The key/value pairs are unique:

{'key1': 'value1', 'key2': 'value2', 'key1': 'value1'}
{'key1': 'value1', 'key2': 'value2'}

They are unordered:

{'a': 1, 'b': 2} == {'b': 2, 'a': 1}
True

Consequently, the pairs themselves cannot be indexed:

d[0]
---------------------------------------------------------------------------
KeyError                                  Traceback (most recent call last)
Cell In[419], line 1
----> 1 d[0]

KeyError: 0

However, you can access values from their keys:

D = {'c': 1, 'a': 3, 'b': 2}
D['b']
2

or:

D.get('b')
2

There are methods to get the items (the pairs), the values, or the keys:

D.items()
dict_items([('c', 1), ('a', 3), ('b', 2)])
D.values()
dict_values([1, 3, 2])
D.keys()
dict_keys(['c', 'a', 'b'])

To return a sorted list of keys:

sorted(D)
['a', 'b', 'c']

You can create empty dictionaries:

E = {}
type(E)
dict

Dictionaries are mutable, so you can add, remove, or replace items.

Let’s add an item to our empty dictionary E:

E['author'] = 'Proust'
print(E)
{'author': 'Proust'}

We can add another one:

E['title'] = 'In search of lost time'
print(E)
{'author': 'Proust', 'title': 'In search of lost time'}

We can modify one:

E['author'] = 'Marcel Proust'
E
{'author': 'Marcel Proust', 'title': 'In search of lost time'}

Your turn:

Add a third item to E with the number of volumes.

We can also remove items:

E.pop('author')
print(E)
{'title': 'In search of lost time'}

or:

del E['title']
print(E)
{}

Dictionaries are declared in curly braces. They are mutable and unordered collections of unique key/value pairs. They play the role of an associative array.

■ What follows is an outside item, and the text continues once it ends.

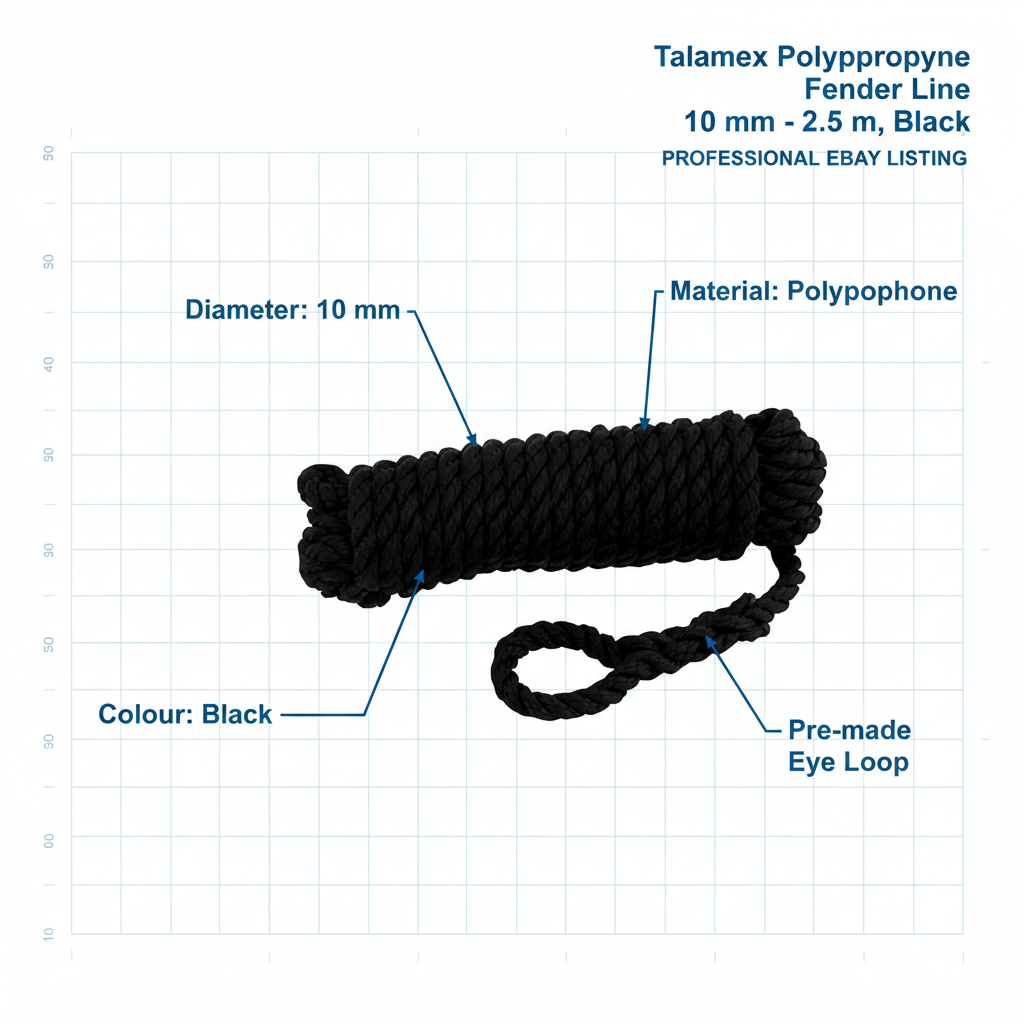 Talamex Fenderline Fenderline Fenderline Black 10 mm Floating | 4Boats - Technical specification image 4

Conversion between collections

From tuple to list:

list((3, 8, 1))
[3, 8, 1]

From tuple to set:

set((3, 2, 3, 3))
{2, 3}

From list to tuple:

tuple([3, 1, 4])
(3, 1, 4)

From list to set:

set(['a', 2, 4])
{2, 4, 'a'}

From set to tuple:

tuple({2, 3})
(2, 3)

From set to list:

list({2, 3})
[2, 3]

Collections module

Python has a built-in collections module providing the additional much more niche data structures: deque, defaultdict, namedtuple, OrderedDict, Counter, ChainMap, UserDict, UserList, and UserList.